INPUT DATA »

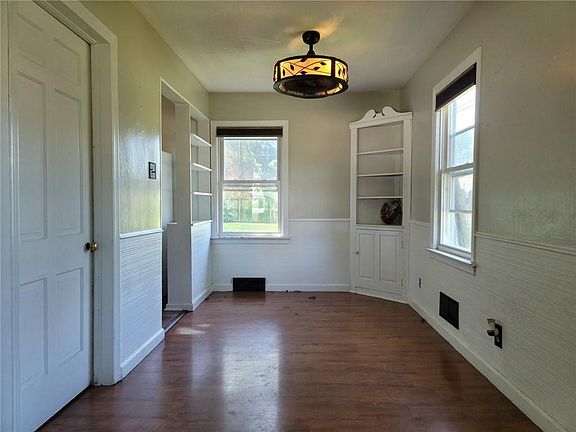 5th image of 1705 S 27th St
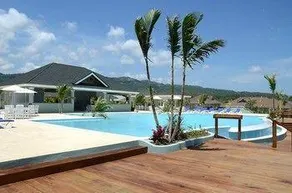 Oceanic View Apartment at Fern Court - Image 3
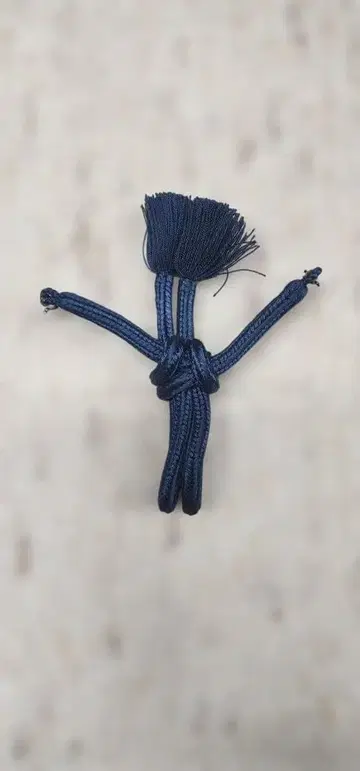 네이비 태슬 달린 겉옷 끈 38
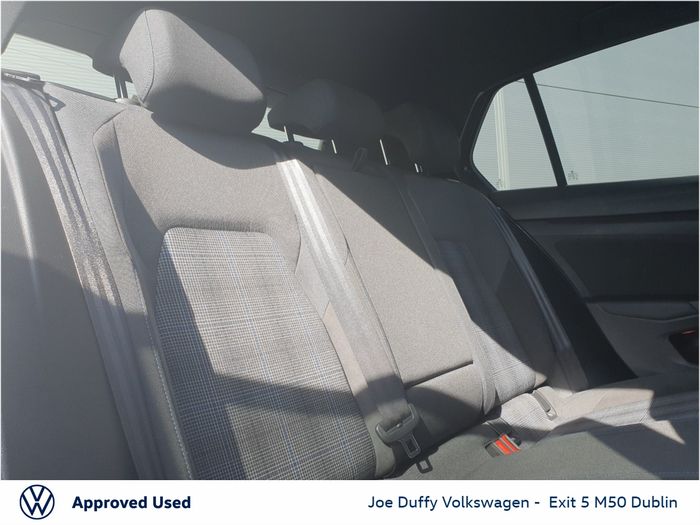 Volkswagen Golf 2024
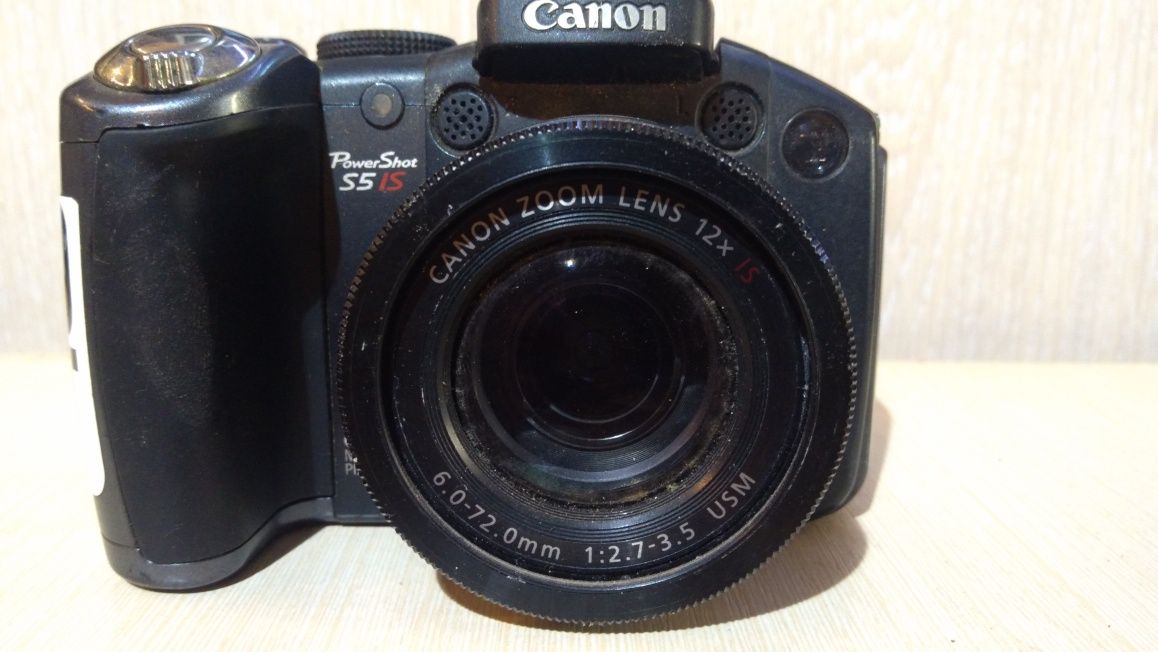 Продам фотоапарат Canon PC1234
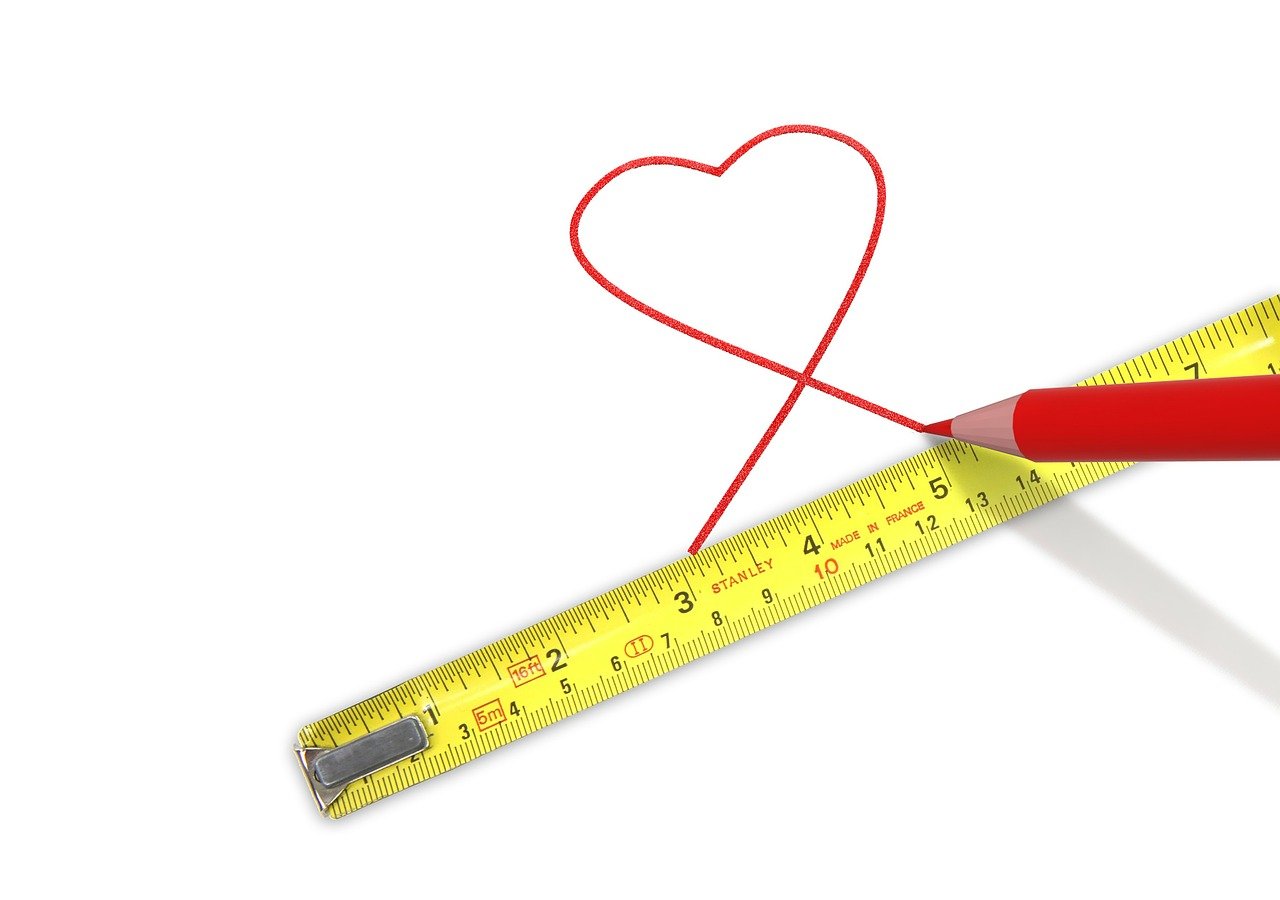 电容充电产生电压,原理详解、应用及优化策略探讨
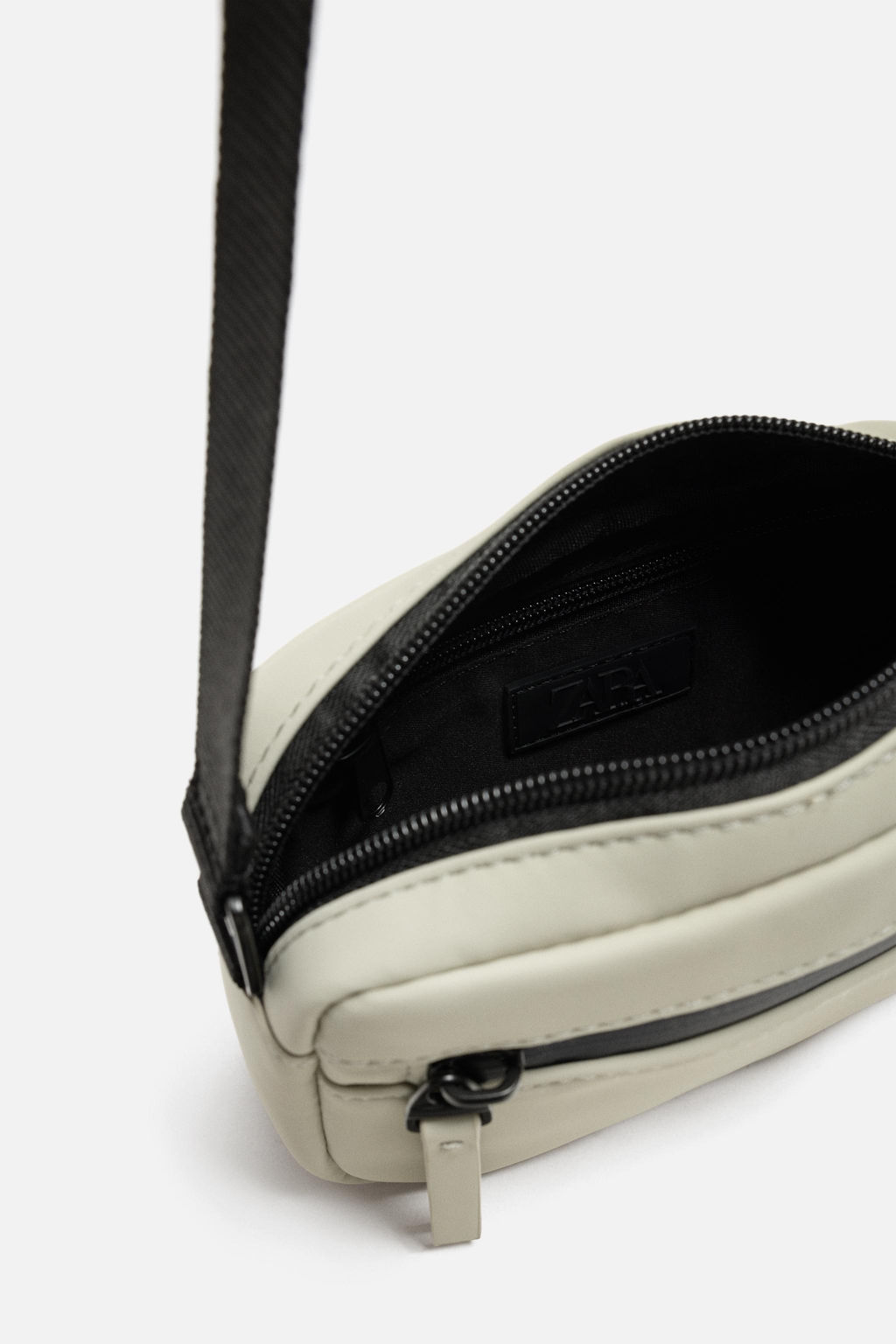 RUBBERISED CROSSBODY BAG - Zara фото 4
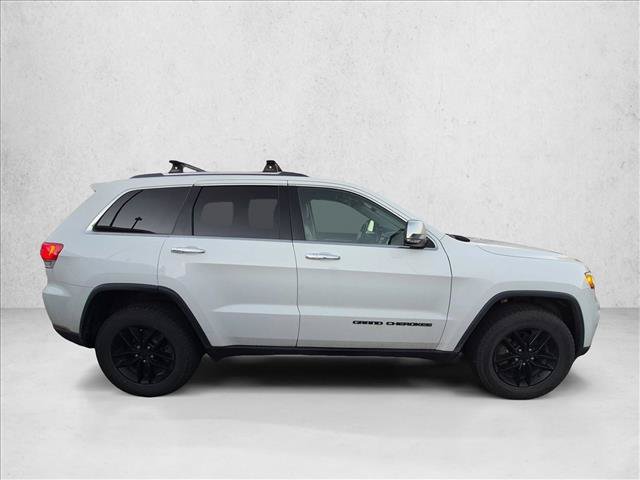 Used 2018 Jeep Grand Cherokee Limited w/ Luxury Group II AWD/4WD image 4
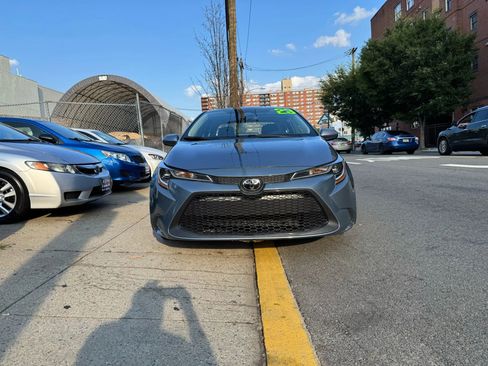 Used 2023 Toyota Corolla LE image 6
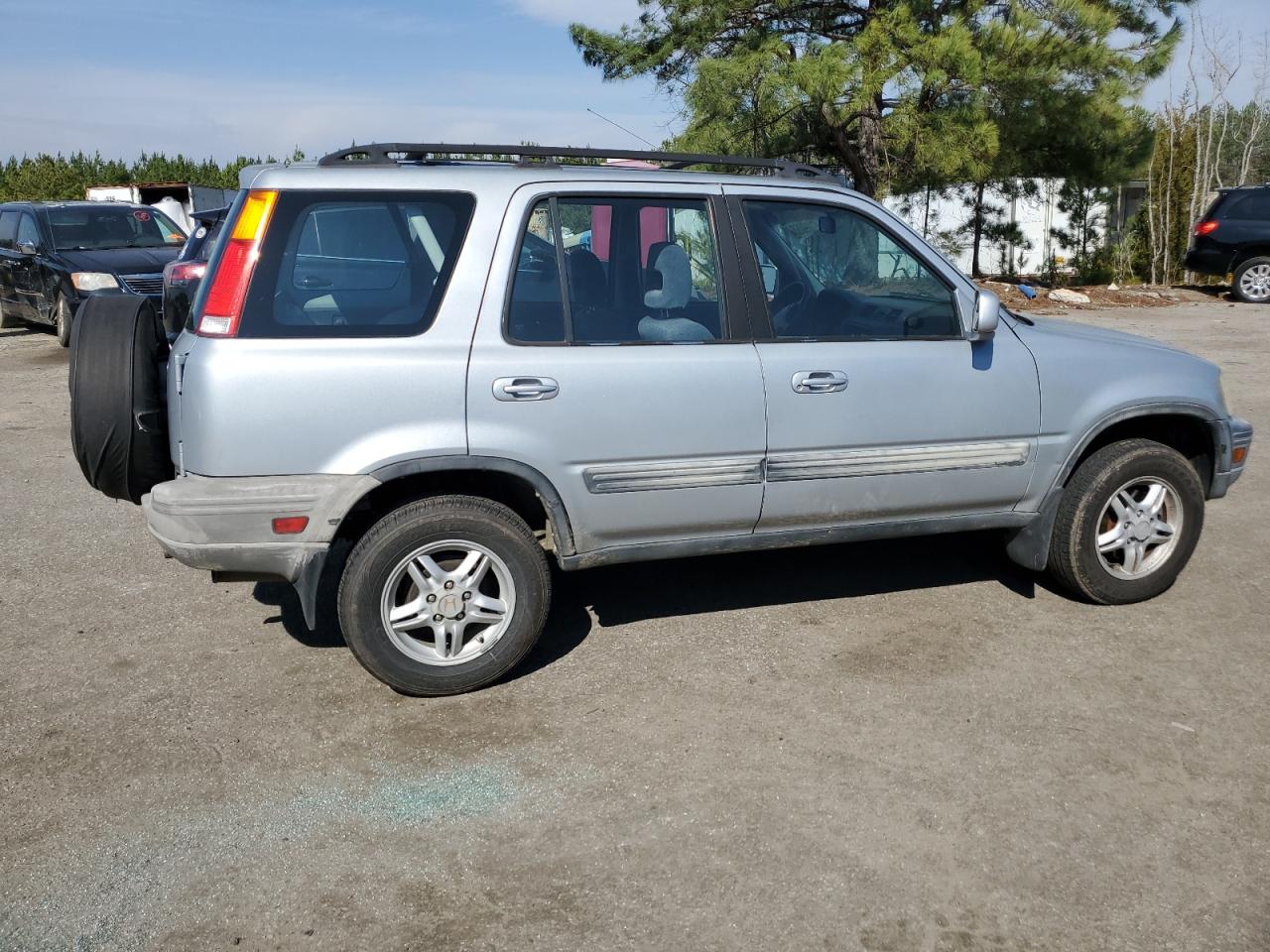 2001 Honda CR-V VIN JHLRD186X1S029802 Copart auction photo, normal wear damage thumbnail 3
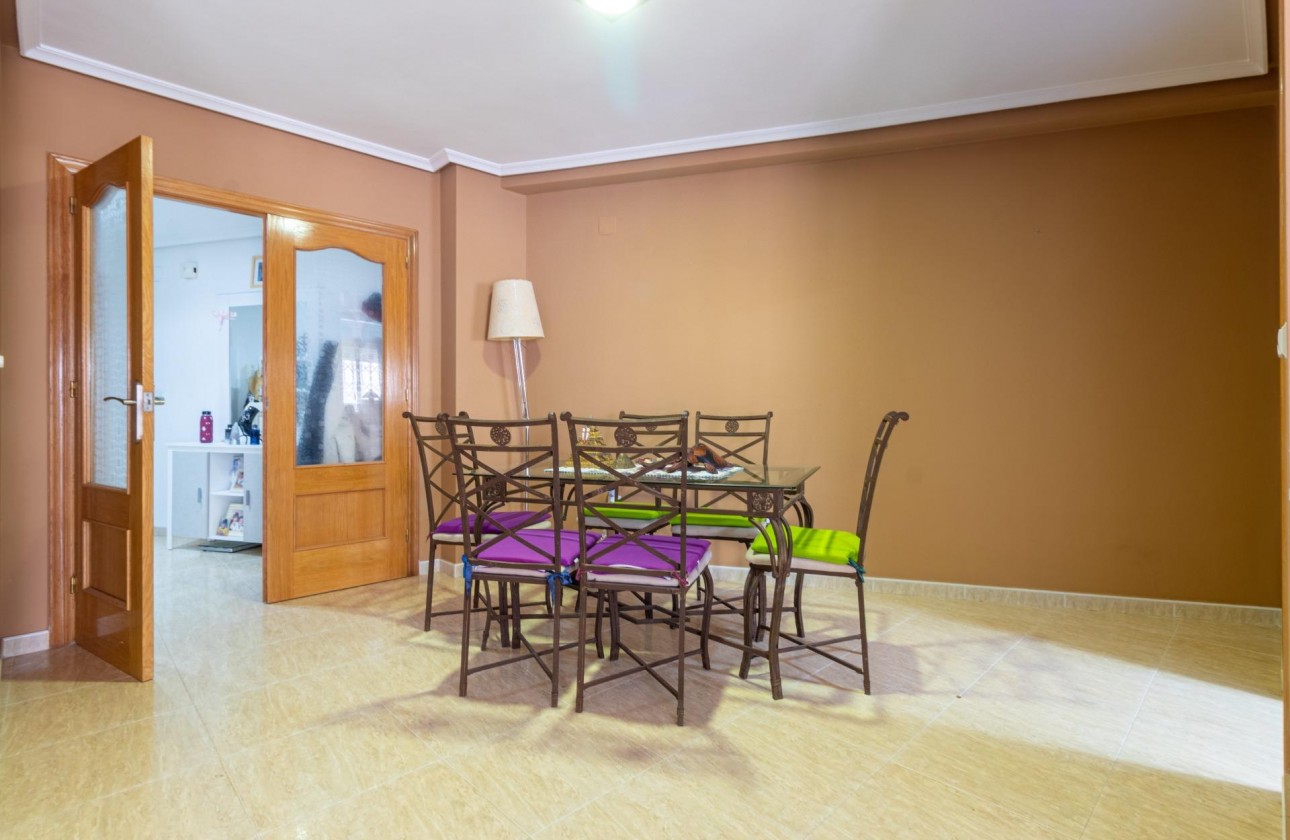 Resale - Apartment / flat - Torrevieja - Playa de los locos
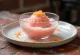 Sorbet de grapefruit servit în bol de sticlă pe o masă de vară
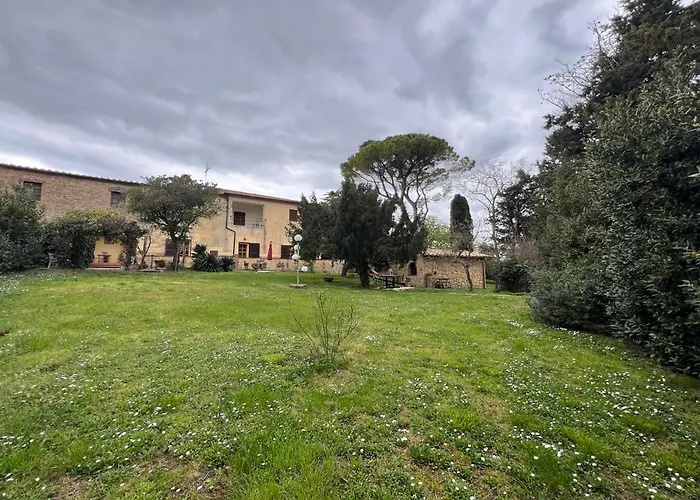 Апартаменты Podere Mona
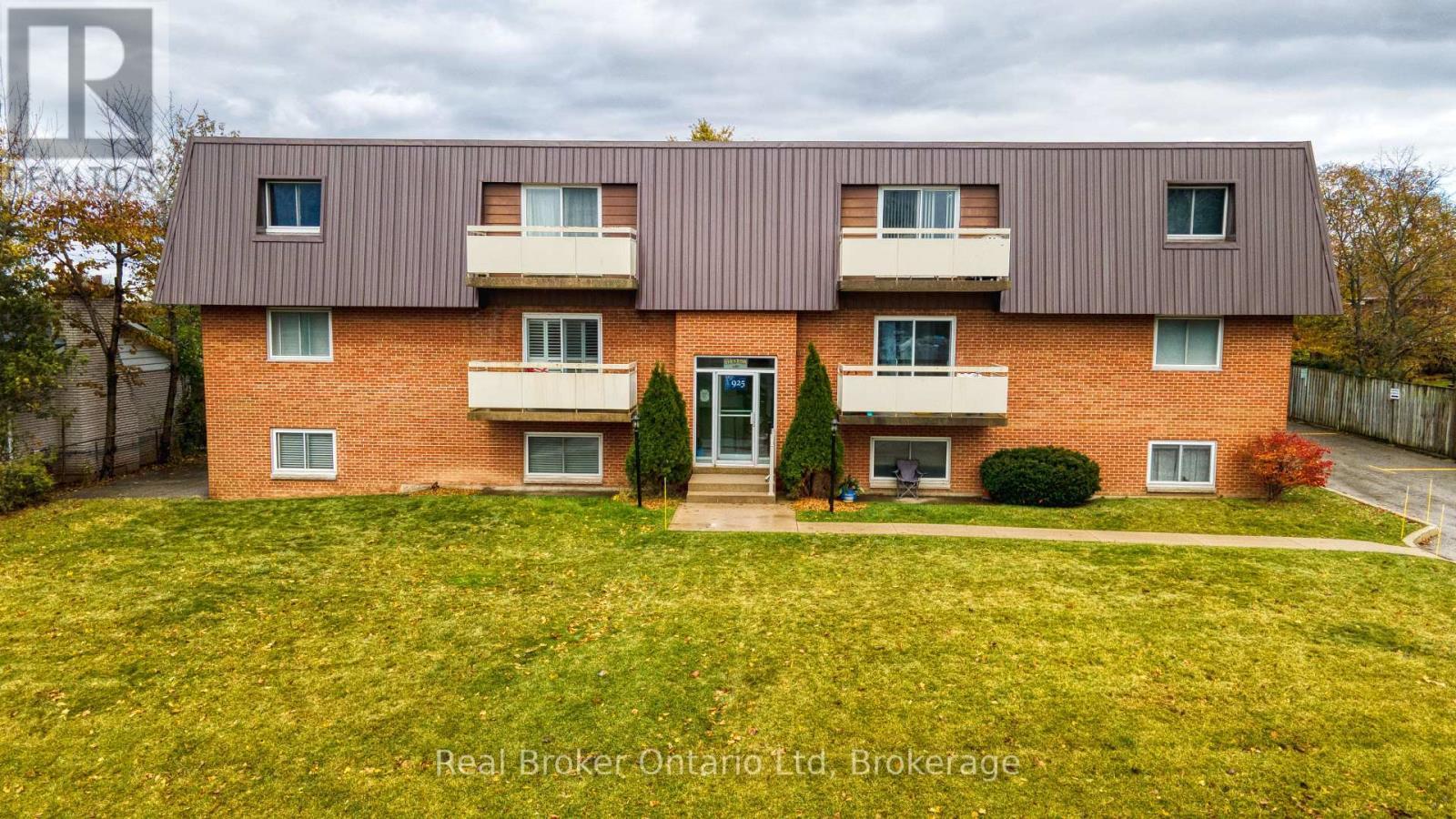 202 - 925 10Th Avenue E, Owen Sound, ON - Outdoor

EXERCISE DIRECTIONS » Set the records down again word for word; the pictures stay out.

ANSWER TO THIS PROBLEM »
 5th image of 1705 S 27th St
 Oceanic View Apartment at Fern Court - Image 3
 네이비 태슬 달린 겉옷 끈 38
 Volkswagen Golf 2024
 Продам фотоапарат Canon PC1234
 电容充电产生电压,原理详解、应用及优化策略探讨
 RUBBERISED CROSSBODY BAG - Zara фото 4
 Used 2018 Jeep Grand Cherokee Limited w/ Luxury Group II AWD/4WD image 4
 Used 2023 Toyota Corolla LE image 6
 2001 Honda CR-V VIN JHLRD186X1S029802 Copart auction photo, normal wear damage thumbnail 3
 Resale - Apartment / flat - Torrevieja - Playa de los locos
 Sorbet de grapefruit servit în bol de sticlă pe o masă de vară
 Апартаменты Podere Mona
 202 - 925 10Th Avenue E, Owen Sound, ON - Outdoor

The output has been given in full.